Care: Sustainability and wellbeing
A conceptual and analytical framework for policy and practice in care and caring
About the work package
Led by Professor Allister McGregor.
This team’s work frames and informs all our research on Sustainable Care. Led by Professor of Political Economy Allister McGregor, with key team members Dr Kate Hamblin, Professor Norah Keating, Madeleine Starr MBE, Professor Luke Clements and Professor Sue Yeandle, it works closely with the eight teams delivering the programme’s research on Care systems and on Care work and relationships, and with the programme’s UK and international academic and policy partners.

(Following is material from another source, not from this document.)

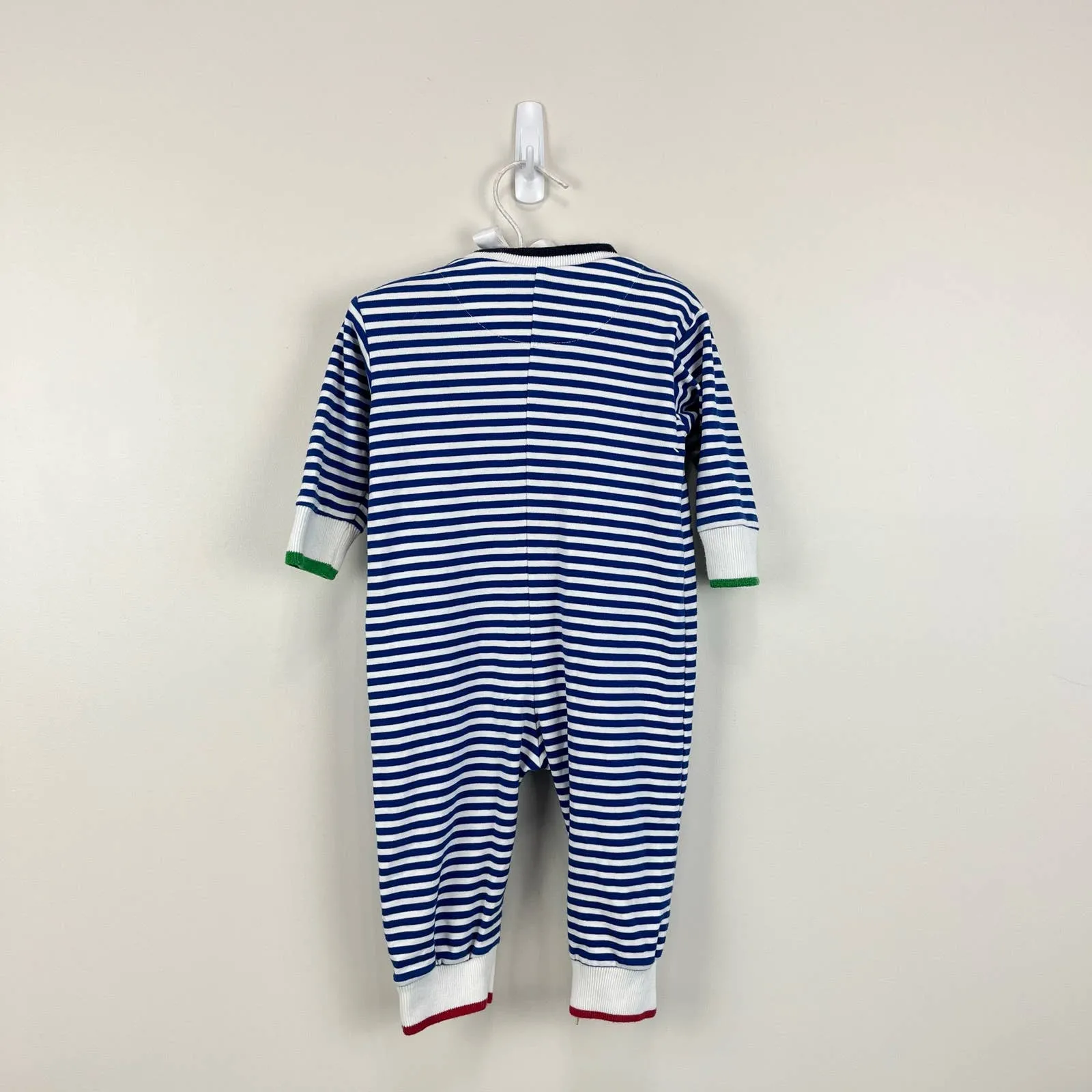 Affordable Luxury Florence Eiseman Boys Blue Striped Sports Coverall 18 Months  Limited Release!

Everyone in the Sustainable Care team is contributing to the programme’s development of theoretical and conceptual issues relating to the sustainability of care. This team’s work is crucial for programme integration. It promotes the team’s mutual learning and ensures consistent connections between theory and practice through engagement with all programme stakeholders.
The team runs theory-building activities for the entire Sustainable Care programme team, works closely with our network of PhD students and other early career researchers, and engages with leading international scholars in our field.
It aims to initiate and support new evidence-based thinking, writing and debate, and to work with our programme teams and partners to develop innovative methods and design meaningful and relevant indicators and analyses.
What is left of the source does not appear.